> Exercise aim: Please repeat the lines below, exactly and only, from the one that holds "Pavillon mit Vorhängen Creme 3x3 m" through the one that holds "Молоток каменщика Picard".

(Extracted records)
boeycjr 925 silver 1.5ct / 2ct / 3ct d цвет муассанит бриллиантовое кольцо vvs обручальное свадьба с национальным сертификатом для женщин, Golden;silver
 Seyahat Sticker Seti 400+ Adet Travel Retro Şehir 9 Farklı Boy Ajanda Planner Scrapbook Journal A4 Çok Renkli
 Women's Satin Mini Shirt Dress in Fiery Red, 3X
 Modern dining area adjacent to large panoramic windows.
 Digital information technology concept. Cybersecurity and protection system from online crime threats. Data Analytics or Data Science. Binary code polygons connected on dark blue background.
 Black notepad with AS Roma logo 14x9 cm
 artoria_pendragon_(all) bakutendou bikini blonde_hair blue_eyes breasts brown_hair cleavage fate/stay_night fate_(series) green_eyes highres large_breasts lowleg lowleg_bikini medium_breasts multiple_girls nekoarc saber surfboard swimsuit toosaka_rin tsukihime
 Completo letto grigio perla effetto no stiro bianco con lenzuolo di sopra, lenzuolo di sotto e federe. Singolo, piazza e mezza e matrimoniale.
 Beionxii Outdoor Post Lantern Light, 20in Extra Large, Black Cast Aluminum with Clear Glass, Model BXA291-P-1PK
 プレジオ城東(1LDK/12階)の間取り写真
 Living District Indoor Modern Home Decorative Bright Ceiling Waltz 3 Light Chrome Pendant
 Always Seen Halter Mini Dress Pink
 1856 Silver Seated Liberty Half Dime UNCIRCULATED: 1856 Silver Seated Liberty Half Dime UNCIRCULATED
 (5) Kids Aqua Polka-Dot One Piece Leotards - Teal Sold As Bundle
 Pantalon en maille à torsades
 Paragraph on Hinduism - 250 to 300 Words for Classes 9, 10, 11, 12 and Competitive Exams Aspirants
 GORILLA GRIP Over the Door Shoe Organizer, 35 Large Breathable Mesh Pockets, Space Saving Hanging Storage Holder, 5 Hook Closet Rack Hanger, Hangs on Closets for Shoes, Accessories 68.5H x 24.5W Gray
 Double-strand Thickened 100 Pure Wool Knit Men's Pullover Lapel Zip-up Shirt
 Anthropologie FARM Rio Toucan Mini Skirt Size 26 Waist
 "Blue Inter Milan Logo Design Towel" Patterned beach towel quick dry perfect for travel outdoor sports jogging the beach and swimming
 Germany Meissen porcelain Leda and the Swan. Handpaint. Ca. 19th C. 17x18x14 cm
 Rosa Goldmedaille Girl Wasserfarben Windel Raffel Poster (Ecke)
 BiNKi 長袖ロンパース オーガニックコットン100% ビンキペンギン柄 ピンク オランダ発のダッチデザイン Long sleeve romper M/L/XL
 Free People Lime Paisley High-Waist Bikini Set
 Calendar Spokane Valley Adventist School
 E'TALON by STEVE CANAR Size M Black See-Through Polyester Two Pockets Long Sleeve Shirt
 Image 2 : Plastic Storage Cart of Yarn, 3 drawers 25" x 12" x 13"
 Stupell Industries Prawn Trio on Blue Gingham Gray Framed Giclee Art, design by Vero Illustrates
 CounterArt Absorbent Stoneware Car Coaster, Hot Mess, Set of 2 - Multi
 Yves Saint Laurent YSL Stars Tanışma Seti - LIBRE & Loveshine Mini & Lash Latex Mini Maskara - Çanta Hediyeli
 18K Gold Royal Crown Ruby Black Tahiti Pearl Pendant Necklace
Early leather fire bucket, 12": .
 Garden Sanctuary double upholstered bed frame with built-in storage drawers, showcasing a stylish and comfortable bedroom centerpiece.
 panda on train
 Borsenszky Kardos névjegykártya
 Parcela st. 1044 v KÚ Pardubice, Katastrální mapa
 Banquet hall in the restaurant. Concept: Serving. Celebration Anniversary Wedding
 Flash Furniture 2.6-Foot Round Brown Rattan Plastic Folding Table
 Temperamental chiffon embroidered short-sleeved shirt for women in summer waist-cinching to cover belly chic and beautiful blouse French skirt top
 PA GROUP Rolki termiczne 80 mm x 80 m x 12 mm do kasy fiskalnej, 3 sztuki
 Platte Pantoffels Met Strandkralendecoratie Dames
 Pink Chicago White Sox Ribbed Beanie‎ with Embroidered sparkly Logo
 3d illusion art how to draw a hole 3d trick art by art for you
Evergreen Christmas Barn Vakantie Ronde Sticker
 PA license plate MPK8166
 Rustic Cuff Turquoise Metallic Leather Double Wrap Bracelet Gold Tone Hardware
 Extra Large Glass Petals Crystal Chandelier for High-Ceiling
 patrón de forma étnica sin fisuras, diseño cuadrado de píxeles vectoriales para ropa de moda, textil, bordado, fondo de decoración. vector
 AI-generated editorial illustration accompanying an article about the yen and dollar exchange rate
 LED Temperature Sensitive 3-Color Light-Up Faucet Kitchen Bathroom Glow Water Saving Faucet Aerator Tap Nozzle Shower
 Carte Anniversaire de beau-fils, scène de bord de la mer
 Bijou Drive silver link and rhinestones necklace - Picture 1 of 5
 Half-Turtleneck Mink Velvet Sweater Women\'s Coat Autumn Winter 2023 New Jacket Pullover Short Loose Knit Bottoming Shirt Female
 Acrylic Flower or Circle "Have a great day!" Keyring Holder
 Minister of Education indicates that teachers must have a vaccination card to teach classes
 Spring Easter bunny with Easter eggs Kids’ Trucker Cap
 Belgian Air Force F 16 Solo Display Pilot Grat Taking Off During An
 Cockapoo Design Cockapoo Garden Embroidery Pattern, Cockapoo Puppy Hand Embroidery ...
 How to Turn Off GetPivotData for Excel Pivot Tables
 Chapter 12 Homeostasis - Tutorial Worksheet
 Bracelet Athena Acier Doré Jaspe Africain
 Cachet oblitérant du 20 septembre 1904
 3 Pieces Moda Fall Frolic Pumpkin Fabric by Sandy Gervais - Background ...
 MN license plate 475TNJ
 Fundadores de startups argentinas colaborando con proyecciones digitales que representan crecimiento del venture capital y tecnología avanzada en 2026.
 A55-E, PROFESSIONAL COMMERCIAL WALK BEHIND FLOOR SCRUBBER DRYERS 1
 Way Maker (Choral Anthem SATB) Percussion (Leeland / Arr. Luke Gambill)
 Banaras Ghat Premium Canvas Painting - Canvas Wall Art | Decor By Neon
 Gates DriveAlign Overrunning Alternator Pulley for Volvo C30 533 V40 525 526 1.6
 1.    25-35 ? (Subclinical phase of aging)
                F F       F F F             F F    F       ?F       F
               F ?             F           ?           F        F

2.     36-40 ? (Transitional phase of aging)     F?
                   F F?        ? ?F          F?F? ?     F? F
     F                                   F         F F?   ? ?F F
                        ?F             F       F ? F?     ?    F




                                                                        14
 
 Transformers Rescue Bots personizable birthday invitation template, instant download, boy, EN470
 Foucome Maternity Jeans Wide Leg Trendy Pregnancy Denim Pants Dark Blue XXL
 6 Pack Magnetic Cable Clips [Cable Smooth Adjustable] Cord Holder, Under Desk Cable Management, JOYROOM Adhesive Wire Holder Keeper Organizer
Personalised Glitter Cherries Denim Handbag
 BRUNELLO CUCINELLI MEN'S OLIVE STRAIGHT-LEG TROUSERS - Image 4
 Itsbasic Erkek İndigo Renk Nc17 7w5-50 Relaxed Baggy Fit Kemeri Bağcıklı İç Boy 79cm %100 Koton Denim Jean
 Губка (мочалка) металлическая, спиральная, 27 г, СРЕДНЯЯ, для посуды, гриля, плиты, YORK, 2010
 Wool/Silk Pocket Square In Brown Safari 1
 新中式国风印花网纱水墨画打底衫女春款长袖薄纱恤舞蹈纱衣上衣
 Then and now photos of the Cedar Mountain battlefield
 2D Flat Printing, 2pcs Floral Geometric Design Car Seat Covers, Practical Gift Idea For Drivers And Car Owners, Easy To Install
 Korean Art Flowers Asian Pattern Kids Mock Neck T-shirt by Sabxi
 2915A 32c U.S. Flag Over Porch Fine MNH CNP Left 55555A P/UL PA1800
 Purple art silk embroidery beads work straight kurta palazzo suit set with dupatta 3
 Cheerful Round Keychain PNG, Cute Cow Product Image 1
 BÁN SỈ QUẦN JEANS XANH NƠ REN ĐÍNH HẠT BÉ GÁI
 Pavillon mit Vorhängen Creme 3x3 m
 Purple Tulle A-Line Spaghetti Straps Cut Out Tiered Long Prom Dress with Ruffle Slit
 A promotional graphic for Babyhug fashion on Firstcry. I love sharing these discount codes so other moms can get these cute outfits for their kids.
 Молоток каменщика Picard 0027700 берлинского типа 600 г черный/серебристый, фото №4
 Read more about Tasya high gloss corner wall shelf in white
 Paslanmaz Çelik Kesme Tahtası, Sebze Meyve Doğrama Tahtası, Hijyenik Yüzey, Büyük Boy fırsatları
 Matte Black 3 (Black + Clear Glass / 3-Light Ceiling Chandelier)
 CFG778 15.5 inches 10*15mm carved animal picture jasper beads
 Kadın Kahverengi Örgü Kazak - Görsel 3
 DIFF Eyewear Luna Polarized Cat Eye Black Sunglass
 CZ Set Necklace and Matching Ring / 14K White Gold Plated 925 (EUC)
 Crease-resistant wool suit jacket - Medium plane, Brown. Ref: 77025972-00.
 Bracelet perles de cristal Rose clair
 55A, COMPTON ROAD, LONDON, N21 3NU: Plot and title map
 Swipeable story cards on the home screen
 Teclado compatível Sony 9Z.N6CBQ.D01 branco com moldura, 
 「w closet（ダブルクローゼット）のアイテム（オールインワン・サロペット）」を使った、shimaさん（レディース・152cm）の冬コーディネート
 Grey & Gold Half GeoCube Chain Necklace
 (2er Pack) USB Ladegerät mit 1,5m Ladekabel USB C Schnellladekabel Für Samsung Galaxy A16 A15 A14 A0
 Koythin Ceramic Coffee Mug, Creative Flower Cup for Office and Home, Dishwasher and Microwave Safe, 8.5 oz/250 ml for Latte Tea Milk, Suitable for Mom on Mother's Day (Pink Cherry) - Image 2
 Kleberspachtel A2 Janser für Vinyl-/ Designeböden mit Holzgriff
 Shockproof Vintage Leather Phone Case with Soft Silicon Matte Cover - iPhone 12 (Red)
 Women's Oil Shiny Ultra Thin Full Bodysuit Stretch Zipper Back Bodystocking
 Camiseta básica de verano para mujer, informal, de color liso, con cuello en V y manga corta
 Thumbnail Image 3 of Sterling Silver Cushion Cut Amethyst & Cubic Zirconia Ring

> Result of the exercise:
 Pavillon mit Vorhängen Creme 3x3 m
 Purple Tulle A-Line Spaghetti Straps Cut Out Tiered Long Prom Dress with Ruffle Slit
 A promotional graphic for Babyhug fashion on Firstcry. I love sharing these discount codes so other moms can get these cute outfits for their kids.
 Молоток каменщика Picard 0027700 берлинского типа 600 г черный/серебристый, фото №4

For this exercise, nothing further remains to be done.